-Sea usted bienvenido.

La expresión de confusión no desaparece de mi cara. Me han dejado inconsciente de un golpe en la nuca y ahora resulta que soy bienvenido.

-Siento lo del golpe. Estos chicos saben defender lo que es suyo. -dice Thomas Jackson, señalando con la cabeza a el guardia que está a sus espaldas, el cual ni se inmuta. Sólo se limita a recolocarse el arma que tiene agarrada con las dos manos- ¿Me puede decir cuál es su nombre?

-Rick.

-Bien, ahora le explicaré lo que pasará ahora, señor Rick. Mis hombres le entregarán las cosas con las que llegó y le acompañarán a la frontera, después de eso no volverá jamás por aquí. Si las circunstancias hubieran sido otras, hubiéramos sopesado la posibilidad de que usted pudiera quedarse en Washigton con nosotros, pero ha entrado en nuestra casa sin permiso, con la clara idea de llevarse una de nuestras posesiones más preciadas y eso no nos gusta. Así que me gustaría en nombre de todo el pueblo de Washington pedirle por favor que se marche sin causar más problemas.
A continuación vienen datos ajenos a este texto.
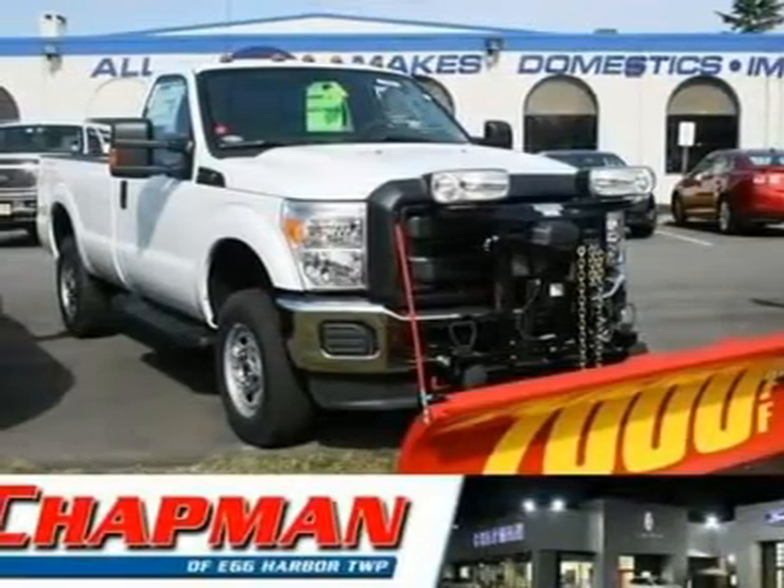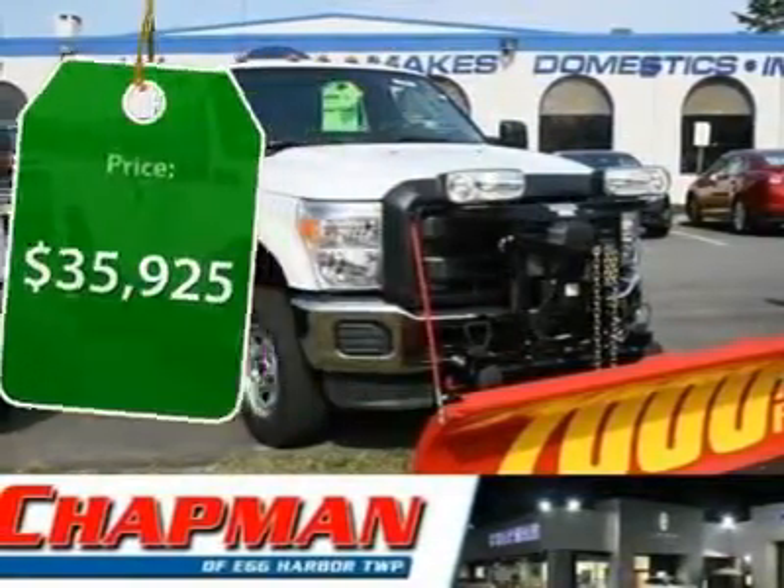Ford F-250 Super Duty, and is priced below $40,000.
"Una de nuestras posesiones más preciadas". ¿Cómo pueden referirse a Emma como una posesión suya? Eso hace que me hierva la sangre por dentro.

Y ahora lo que quieren es que me vaya sin hacer mucho ruido. No se lo voy a poner tan fácil.

-¿Puedo hacerle una pregunta?

-Ya lo ha hecho. -creo que Jackson hace ese comentario tratando de ser gracioso, pero cuando ve que mi expresión no cambia, la sonrisa desaparece de su cara- Dispare.

-¿Que le van a hacer a Emma?

-Ella nos va a ayudar a salvar la humanidad.

-¿Antes o después de torturarla?

-No la hemos...

-Habéis hecho que la vuelvan a morder, la tenéis en una habitación encerrada y con las ventanas tapiadas. Lleva sin comer casi desde que vino y tiene pesadillas y problemas para dormir.

-Emma no se va a ir de Washington, por mucho que usted lo desee.

-¿Y cómo pretenden hacer una vacuna, o lo que sea para que sirva a ayudar a salvar la humanidad?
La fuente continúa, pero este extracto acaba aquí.